Given entries:

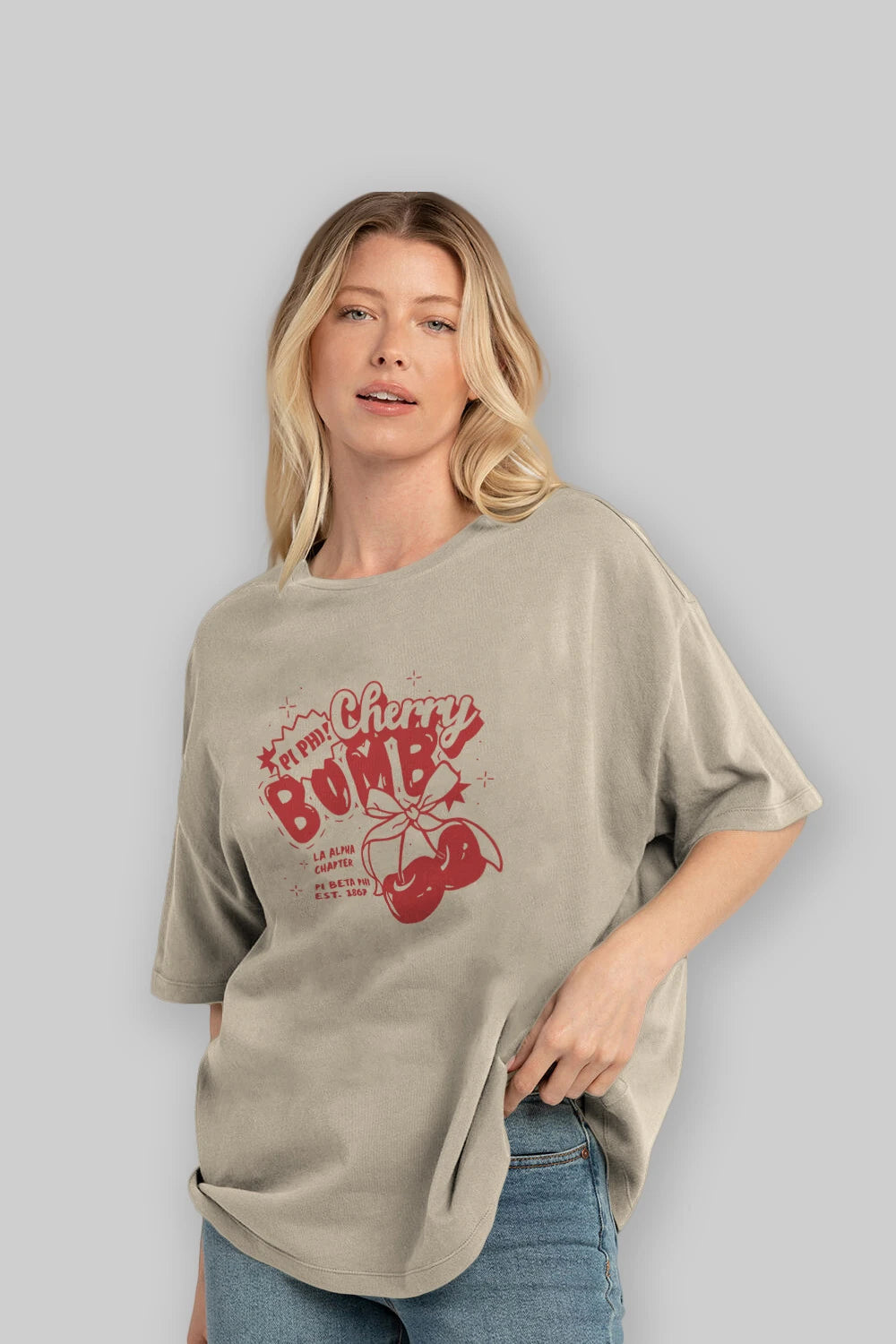 Cherry Bomb Cherries Ön Baskılı Oversize t-shirt Erkek Kadın Pamuk Bisiklet Yaka tişort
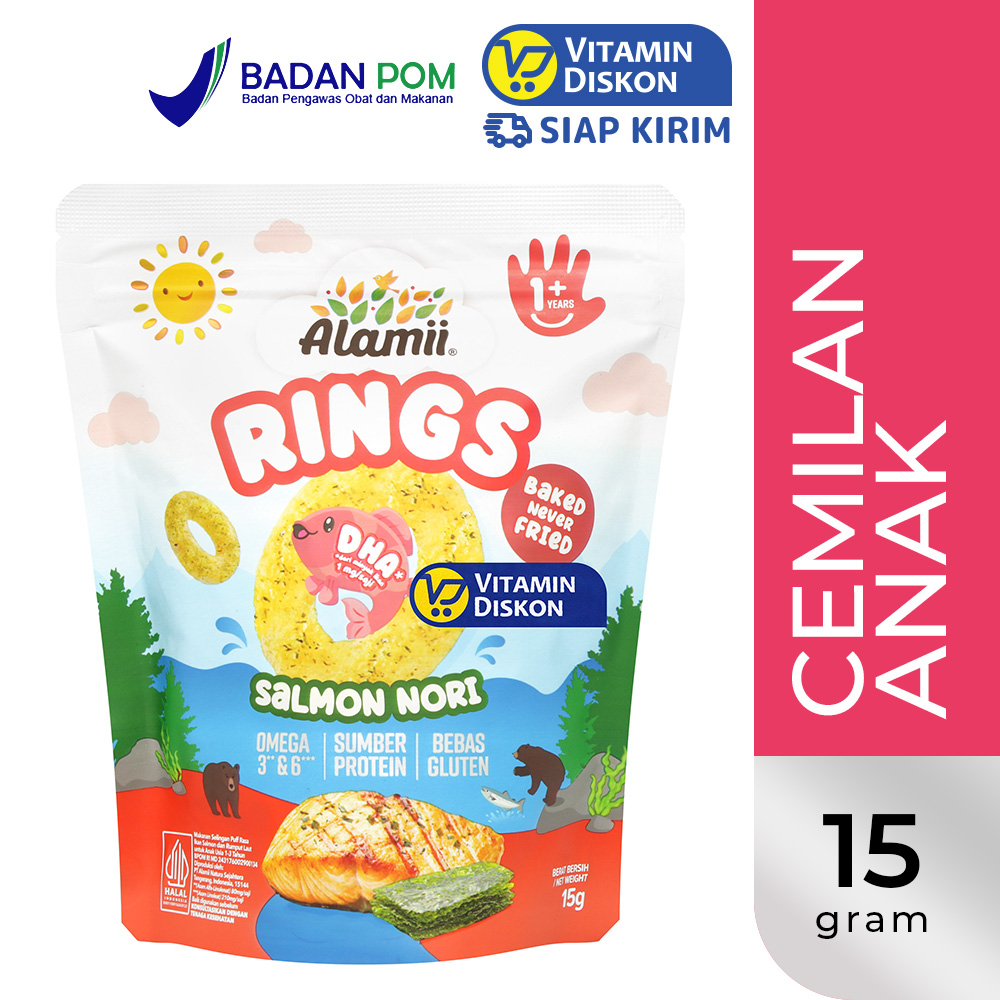 ALAMII RINGS SALMON NORI 15 GR | SNACK SEHAT ANAK-ANAK CEMILAN ANAK MPASI BAYI MAKANAN RINGAN ANAK RASA SALMON DAN NORI BEBAS GLUTEN DHA OMEGA 3 & 6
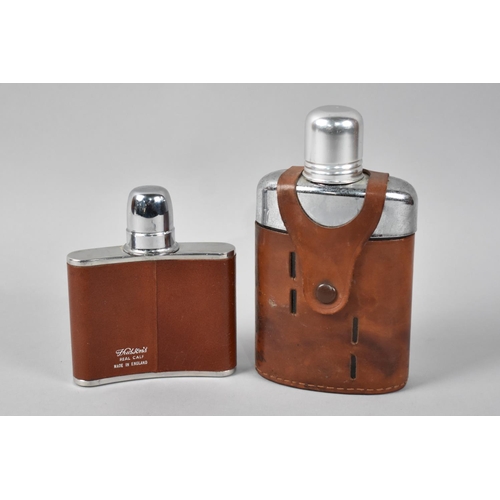 120 - Two Leather Covered Hip Flasks, Tallest 16.5cms High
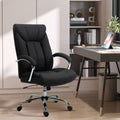 Vinsetto High Back Home Office Chair, Computer Desk Chair With Lumbar Back Support And Adjustable Height, Black Black Linen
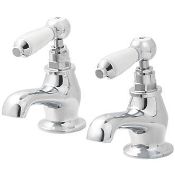 (J2) BREAN PILLAR BATH TAPS. 1/4 Turn Suitable for High & Low Pressure Systems Chrome Waste ...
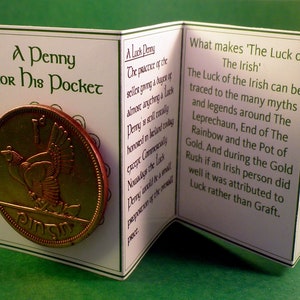 Irish Wedding Memento, A Penny for His Pocket, Good luck talisman, Irish Gift to Groom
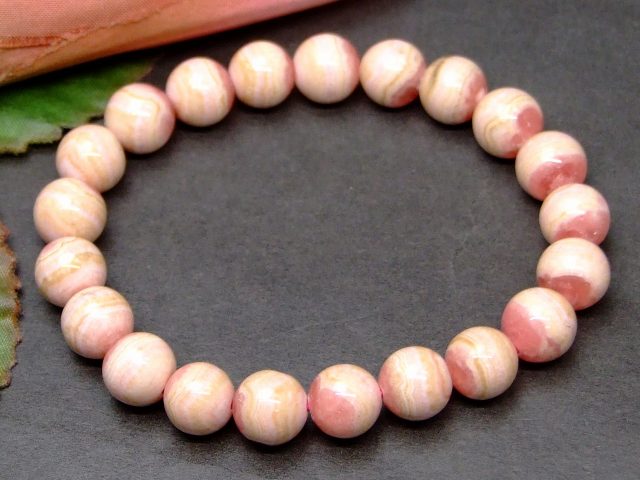 g3-619W　　インカローズ 9mm ブレスレット 内径16cm 鑑別済・本物保証 ポーチ付き 送料無料 アルゼンチン産 天然石 パワーストーン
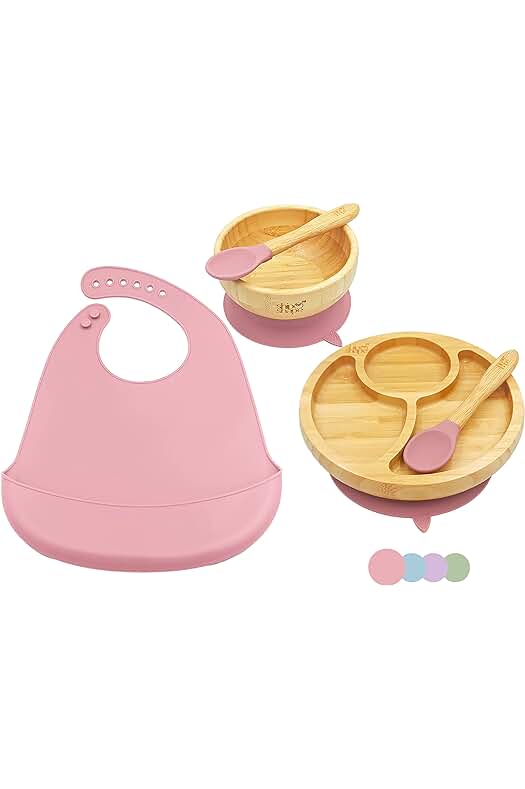 Set de Platos de Destete para Bebés de Bambú | Ventosa, Cucharas y Babero Incluidos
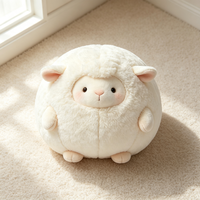 Coussin en peluche mouton rond et moelleux, rembourrage en coton PP, personnalisable OEM, vente en gros, cadeau promotionnel, approvisionnement en vrac pour les fêtes d'enfants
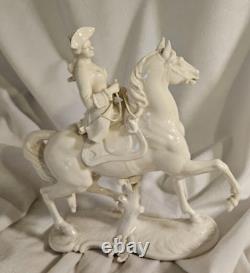 Nymphenburg Porcelain Woman Wearing Tricorn Hat Riding Horse Side Saddle, Marked
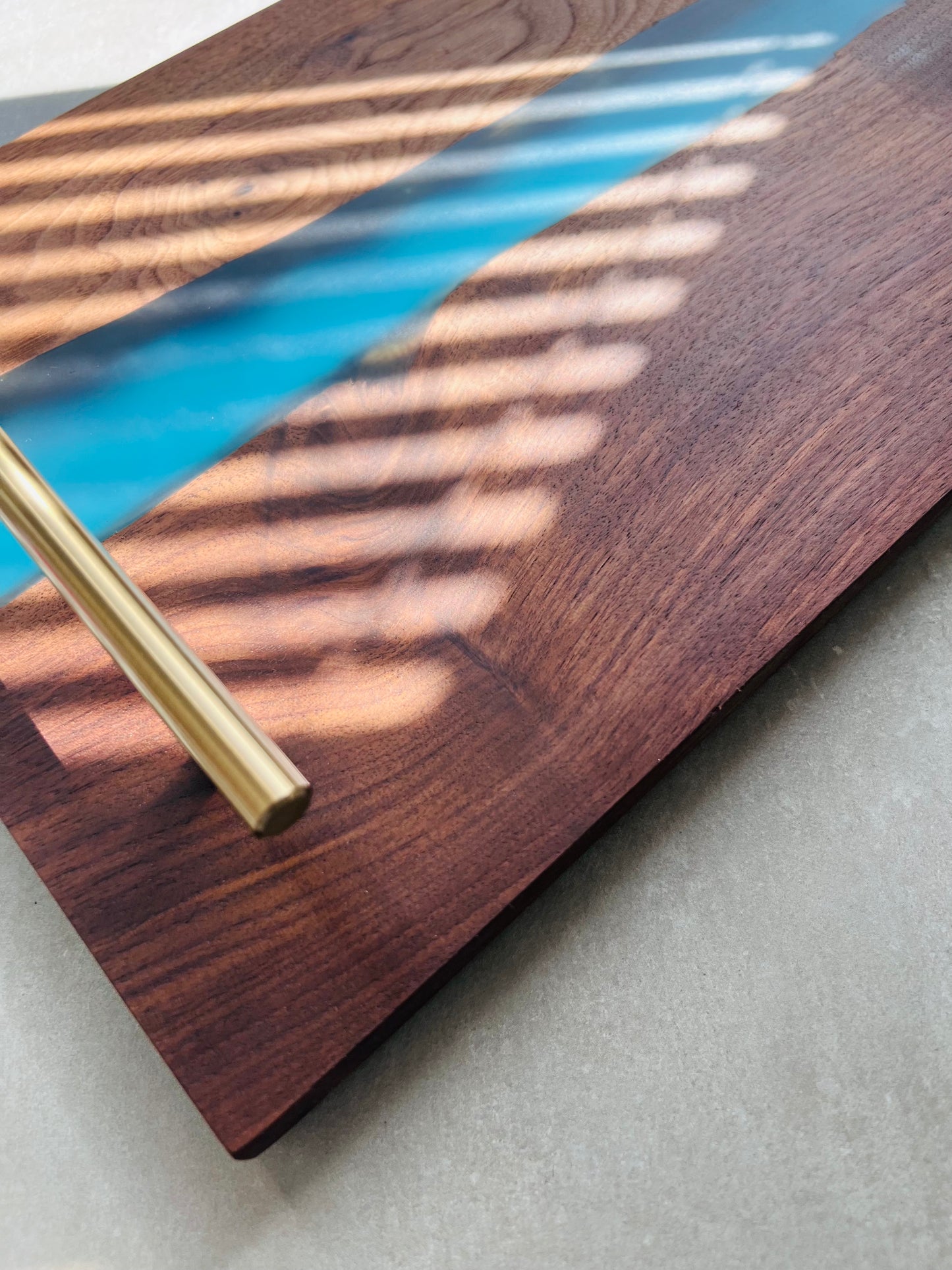 Resin River Tray, Personalized Walnut Charcuterie Tray with Blue Resin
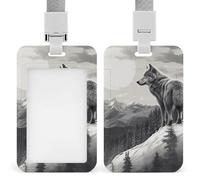 Snow Mountain Lone Wolf ID Badge Holder with Lanyard Waterproof Plastic ID Card Badge Transparent Wear-Resistant and Shock-Resistant Name Tag Clips for Id Badges, Nurse Teacher Office Gifts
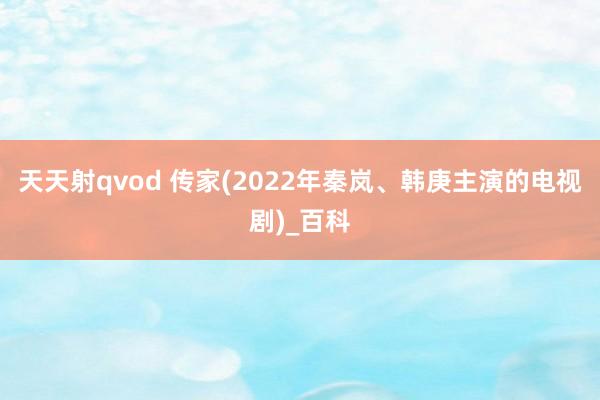 天天射qvod 传家(2022年秦岚、韩庚主演的电视剧)_百科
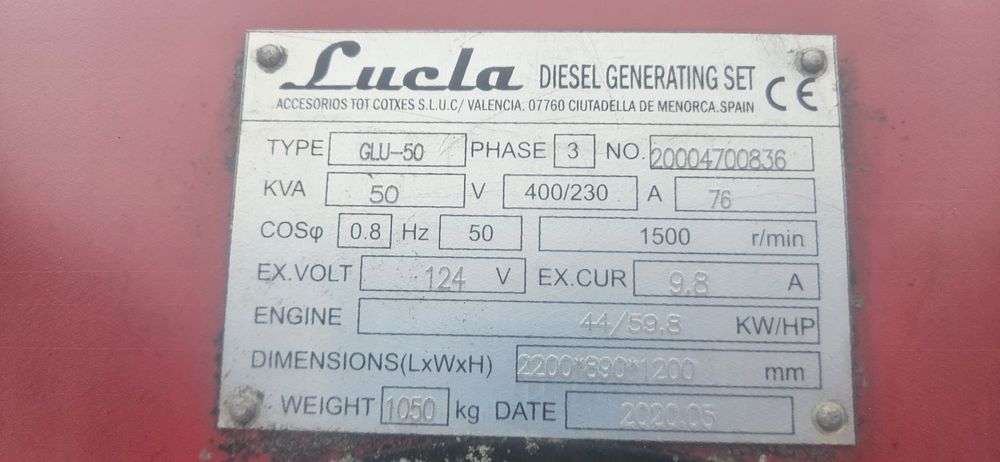 Дизелов генератор Lucla GLU-50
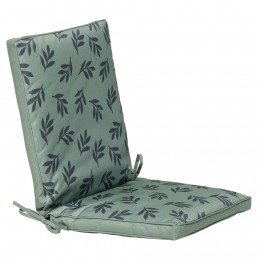 Coussin fauteuil de jardin motif feuillage vert et noir 92x42xép4cm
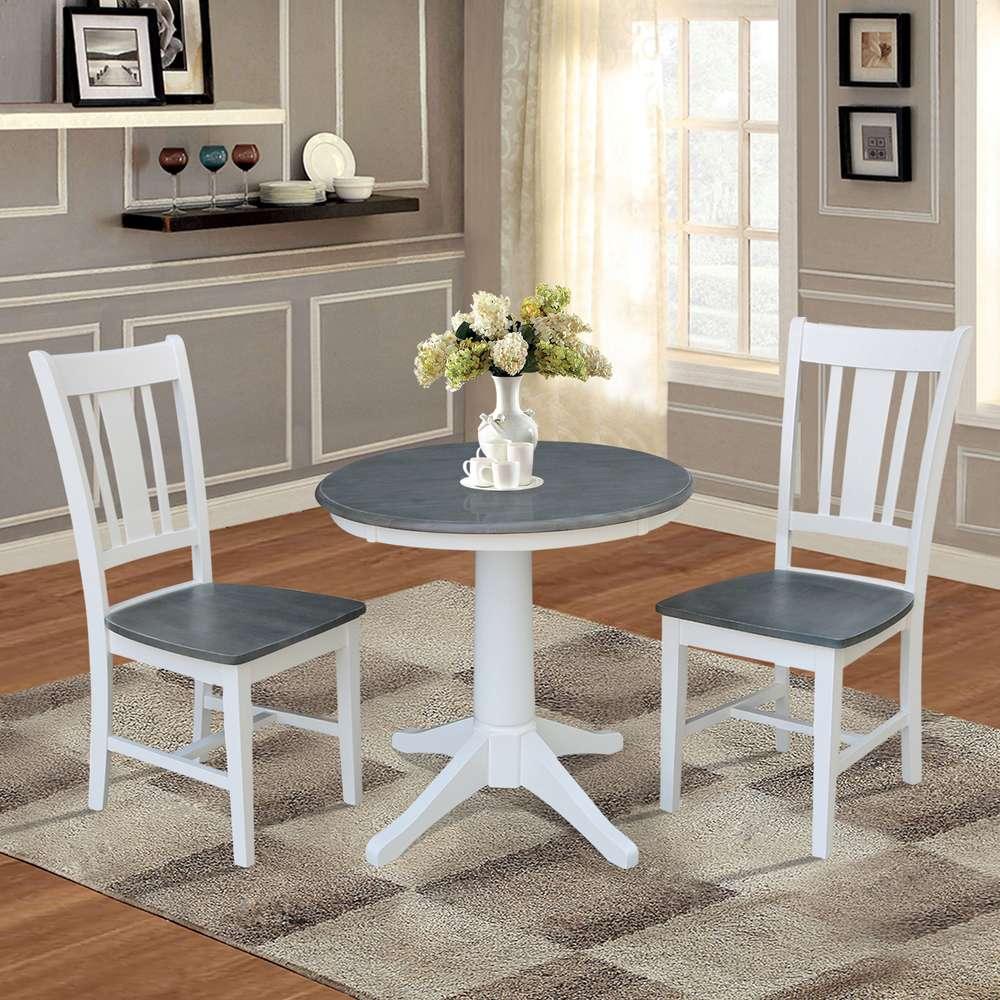 International Concepts (Set of 3 Pcs) -30in Round Top Ped Table with 2 San Remo Chairs in White/Heather Gray Finish - K05-30RT-27B-C10-2 veiw 3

Prompt:
Transcribe exactly, and only, the lines from the one with "(J2) BREAN PILLAR" through the final line of the data above. The pictures stay out.

Output below:
 (J2) BREAN PILLAR BATH TAPS. 1/4 Turn Suitable for High & Low Pressure Systems Chrome Waste ...
 Irish Wedding Memento, A Penny for His Pocket, Good luck talisman, Irish Gift to Groom
 g3-619W　　インカローズ 9mm ブレスレット 内径16cm 鑑別済・本物保証 ポーチ付き 送料無料 アルゼンチン産 天然石 パワーストーン
 Set de Platos de Destete para Bebés de Bambú | Ventosa, Cucharas y Babero Incluidos
 Coussin en peluche mouton rond et moelleux, rembourrage en coton PP, personnalisable OEM, vente en gros, cadeau promotionnel, approvisionnement en vrac pour les fêtes d'enfants
 Nymphenburg Porcelain Woman Wearing Tricorn Hat Riding Horse Side Saddle, Marked
 Resin River Tray, Personalized Walnut Charcuterie Tray with Blue Resin
 Snow Mountain Lone Wolf ID Badge Holder with Lanyard Waterproof Plastic ID Card Badge Transparent Wear-Resistant and Shock-Resistant Name Tag Clips for Id Badges, Nurse Teacher Office Gifts
 天天射qvod 传家(2022年秦岚、韩庚主演的电视剧)_百科
 Дизелов генератор Lucla GLU-50
 Coussin fauteuil de jardin motif feuillage vert et noir 92x42xép4cm
 International Concepts (Set of 3 Pcs) -30in Round Top Ped Table with 2 San Remo Chairs in White/Heather Gray Finish - K05-30RT-27B-C10-2 veiw 3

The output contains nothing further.